**DIRECTIONS FOR THIS TASK:**
Where does the word "Pink" show up in the records? Copy every line that holds it.

*** Opening TASK INPUTS ***

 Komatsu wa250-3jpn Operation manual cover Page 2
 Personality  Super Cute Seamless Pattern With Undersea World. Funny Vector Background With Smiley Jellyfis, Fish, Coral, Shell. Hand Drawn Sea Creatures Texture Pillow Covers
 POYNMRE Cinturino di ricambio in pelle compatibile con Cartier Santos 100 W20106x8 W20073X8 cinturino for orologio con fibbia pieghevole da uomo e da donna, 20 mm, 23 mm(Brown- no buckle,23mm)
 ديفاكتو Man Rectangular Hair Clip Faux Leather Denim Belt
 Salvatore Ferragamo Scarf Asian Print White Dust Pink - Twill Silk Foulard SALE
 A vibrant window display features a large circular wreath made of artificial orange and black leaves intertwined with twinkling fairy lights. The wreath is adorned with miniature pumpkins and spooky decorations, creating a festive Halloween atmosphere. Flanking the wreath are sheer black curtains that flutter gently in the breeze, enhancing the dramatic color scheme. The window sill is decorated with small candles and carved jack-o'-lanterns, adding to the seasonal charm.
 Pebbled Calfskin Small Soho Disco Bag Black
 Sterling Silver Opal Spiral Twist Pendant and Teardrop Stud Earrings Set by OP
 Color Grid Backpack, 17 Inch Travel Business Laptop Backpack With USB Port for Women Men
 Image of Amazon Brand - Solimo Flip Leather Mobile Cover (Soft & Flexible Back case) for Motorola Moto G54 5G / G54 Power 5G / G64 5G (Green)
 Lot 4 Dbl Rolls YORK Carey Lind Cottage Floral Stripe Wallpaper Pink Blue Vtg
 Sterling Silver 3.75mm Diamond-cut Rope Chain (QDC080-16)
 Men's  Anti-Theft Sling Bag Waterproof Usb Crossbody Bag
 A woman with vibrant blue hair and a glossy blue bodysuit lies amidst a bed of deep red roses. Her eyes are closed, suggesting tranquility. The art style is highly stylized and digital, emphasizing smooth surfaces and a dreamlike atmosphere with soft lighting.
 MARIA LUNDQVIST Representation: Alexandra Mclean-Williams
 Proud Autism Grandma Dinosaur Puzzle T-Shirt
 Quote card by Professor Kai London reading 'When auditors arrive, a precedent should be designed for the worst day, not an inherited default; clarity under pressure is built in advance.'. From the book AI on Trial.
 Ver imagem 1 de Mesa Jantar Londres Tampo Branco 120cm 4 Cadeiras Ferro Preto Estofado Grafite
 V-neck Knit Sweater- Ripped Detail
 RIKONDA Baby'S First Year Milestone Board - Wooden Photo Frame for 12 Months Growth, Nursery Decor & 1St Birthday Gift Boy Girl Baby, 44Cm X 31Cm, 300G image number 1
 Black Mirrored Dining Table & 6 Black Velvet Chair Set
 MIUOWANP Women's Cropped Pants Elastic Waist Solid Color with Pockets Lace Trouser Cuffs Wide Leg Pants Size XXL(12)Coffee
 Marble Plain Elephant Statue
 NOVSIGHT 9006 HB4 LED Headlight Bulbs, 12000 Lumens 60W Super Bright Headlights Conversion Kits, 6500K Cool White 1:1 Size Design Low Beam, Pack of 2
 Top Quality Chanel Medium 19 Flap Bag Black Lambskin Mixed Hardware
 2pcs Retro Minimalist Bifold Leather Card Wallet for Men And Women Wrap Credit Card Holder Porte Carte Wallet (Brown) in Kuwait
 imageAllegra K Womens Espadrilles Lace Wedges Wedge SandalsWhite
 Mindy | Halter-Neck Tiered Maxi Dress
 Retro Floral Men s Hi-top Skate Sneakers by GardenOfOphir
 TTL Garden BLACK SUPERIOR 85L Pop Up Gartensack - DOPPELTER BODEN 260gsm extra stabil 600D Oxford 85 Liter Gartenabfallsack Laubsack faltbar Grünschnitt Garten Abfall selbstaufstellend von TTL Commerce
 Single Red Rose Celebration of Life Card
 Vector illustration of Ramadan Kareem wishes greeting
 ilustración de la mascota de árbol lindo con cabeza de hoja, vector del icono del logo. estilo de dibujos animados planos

*** Closing TASK INPUTS ***

**YOUR RESPONSE:**
 Salvatore Ferragamo Scarf Asian Print White Dust Pink - Twill Silk Foulard SALE
 Lot 4 Dbl Rolls YORK Carey Lind Cottage Floral Stripe Wallpaper Pink Blue Vtg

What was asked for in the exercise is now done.